One point of discussion is the retention of anthropogenic substances, such as drugs or microplastics. Microplastics are by definition completely retained by ultrafiltration membranes; however, nanoparticles are not removed [19]. A large number of drugs can pass through the membrane [20]. Studies show that bank filtration significantly removes pharmaceuticals such as antibiotics [21,22,23]. A retention of drugs can be improved with flocculation and/or activated carbon before ultrafiltration [24]. This supports the statement that drinking water treatment via ultrafiltration without flocculation of surface water is not effective for operational and economic reasons. However, in emergencies, it can maintain the drinking water supply under the aspect of preventing microbiological contamination. The combination of both treatment processes—bank filtration and ultrafiltration—has certain advantages and can offer a safe drinking water supply even under difficult boundary conditions.

5. Conclusions

Direct river water treatment using ultrafiltration was investigated in comparison to using bank filtrate as feed water. Neither bank filtration nor ultrafiltration treatment processes are suitable as single treatment steps for drinking water production under German law at the location of the Elbe waterworks. The combination of both techniques leads to an efficient and economically more feasible treatment for drinking water production. However, membrane filtration cannot compete with open sand filters in terms of energy efficiency. A decision between 100% retention and microbial safety for drinking water compared to a more cost-effective operation by means of open filtration must be made by each operator.
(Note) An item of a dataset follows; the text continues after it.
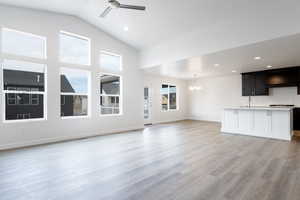 Unfurnished living room with ceiling fan with notable chandelier, light wood-type flooring, sink, and lofted ceiling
Dissolved iron and manganese in the bank filtrate can enhance fouling of ultrafiltration membranes. Dissolved manganese and iron can be oxidized by inline-electrolysis and then removed by filtration.

Treatment of bank filtrate using ultrafiltration without pre-treatment, such as flocculation, demonstrated the high performance of the membranes in terms of 100% removal of bacteria and turbidity with an energy consumption of 0.18 kWh/m³ at a flux of 60 L/m² h (Q = 20.8 m³/h).

The results of the research project AquaNES for the combination of natural and technical treatment processes are intended to serve as indicators for potential process design for water suppliers and constructors for drinking water treatment.

Limits and operational boundary conditions of ultrafiltration in the out/in operation have been demonstrated for the combination of bank filtration and ultrafiltration.

A reference is given for a meaningful use of such a combination in water treatment in the context of the achievement of requirements.